Joint 69th Annual Southeastern / 55th Annual Northeastern Section Meeting - 2020

Paper No. 32-2
Presentation Time: 8:20 AM

INVASIVE SPECIES IN THE LATE CAMBRIAN-EARLIEST ORDOVICIAN OF LAURENTIA: ANALYZING PATTERNS IN LINGULIFORM BRACHIOPODS


FREEMAN, Rebecca L., Department of Earth and Environmental Sciences, University of Kentucky, Lexington, KY 40506-0053

The Late Cambrian-earliest Ordovician was a time of lowered global diversity sandwiched between the Cambrian Explosion and the Great Ordovician Biodiversification Event (GOBE). In Laurentia, this interval is characterized as a series of extinctions, migrations, and regional radiations (“biomeres”) first documented in trilobites. A similar pattern can be documented in linguliform brachiopods. This study examines linguliform brachiopod distribution across two of these biomere boundaries (Steptoean/Sunwaptan; Sunwaptan/Skullrockian) in two paleoenvironments (deep subtidal outer shelf: Nevada and Utah; shallow water cratonic: Texas, Oklahoma) in Laurentia. Invasive species, species whose with paleogeographic ranges were elsewhere but appear suddenly in the fossil record in Laurentia, appear after extinction in all study location after the later extinction, but only appear in the outer shelf environment after the earlier extinction.

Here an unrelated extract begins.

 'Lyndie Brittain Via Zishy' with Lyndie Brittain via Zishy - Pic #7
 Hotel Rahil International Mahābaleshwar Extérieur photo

Applying Stigall’s (2019) hierarchy of invasions, the earlier invasion could be considered an isolated invasion. Even though the invasion was accompanied by changes to the ecosystem, these changes were more likely the result of extinction and not the result of the appearance of a new species opportunistically increasing its geographic range, because both study areas experienced a reorganization, whether invasive species were involved or not. The immigration of invasive species after the later extinction event could be considered a coordinated invasion as the resulting geographic range was wider and included multiple paleoenvironments. As in the aftermath of the earlier extinction event, the ecosystem reorganized, but not necessarily due to the appearance of an invasive species. These case studies offer examples of the hierarchy of invasion as demonstrated in the fossil record, and also offer examples of the difficulty of distinguishing ecological changes that happen because of the appearance of invasive species from those that happen because of extinction when both processes are involved, as is seen in many modern marine and terrestrial ecosystems.